Chee,Chow,Goh,Yap,and Miwa: LexiCAL: A calculator for lexical variables

Introduction

In psycholinguistic research, large databases of words, such as the English Lexicon Project (ELP [1]), the CELEX lexical database [2], the Hoosier Mental Lexicon (HML [3]), the MRC psycholinguistic database [4], and the Auditory English Lexicon Project (AELP [5]), have been essential resources for researchers who require data for a multitude of lexical characteristics. These databases typically consist of a comprehensive set of words and their corresponding lexical properties (e.g., word length, number of syllables, pronunciation, etc.), which allow researchers to generate stimuli selection for experimental design (e.g., selecting words that vary on some dimension while matched on others). Such databases of word properties are nicely complemented by megastudies, in which researchers collect behavioral data (e.g., lexical decision performance) for very large sets of stimuli which are defined by the language rather than by a limited set of criteria [6]. For example, the ELP contains lexical decision and speeded pronunciation performance for over 40,000 monosyllabic and multisyllabic words. The powerful combination of normative databases and megastudies allow researchers to evaluate the influence of various lexical properties on task performance.

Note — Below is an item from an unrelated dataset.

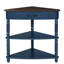 Table basse d'angle compacte à 3 niveaux avec pieds en bois massif, bleu marine / espresso pour les petits espaces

However, even though many of these databases are comprehensive and have been made widely available, they are associated with methodological limitations. Most critically, researchers are not able to obtain data for stimuli that are not present in these databases, such as less common words, or stimuli that do not form actual words. For example, in lexical decision paradigms, wherein participants are required to distinguish between actual words and made-up words (e.g., ‘murp’), nonwords are necessary as part of the experimental stimuli. Some researchers are also interested in creating specific stimuli, such as pseudohomophones (e.g., ‘brane’) and illegal nonwords (e.g., ‘btese’), to examine the mechanisms underlying word recognition [7]. These types of stimuli are not typically represented in existing databases, and thus, manipulating and controlling for the lexical characteristics of these stimuli can be difficult without some programming expertise.

Current methods

In order to overcome the above limitation, a number of tools have been developed to help researchers compute various lexical properties for any stimuli. These tools range from online calculators [8–10] to downloadable programs (e.g., N-watch [11]) and R packages (e.g., ‘LexFindR’ [12]; ‘LexOPS’ [13]; ‘vwr’ [14]), and provide options for researchers to compute specific lexical variables for any user-specified input (both actual words and made-up letter strings).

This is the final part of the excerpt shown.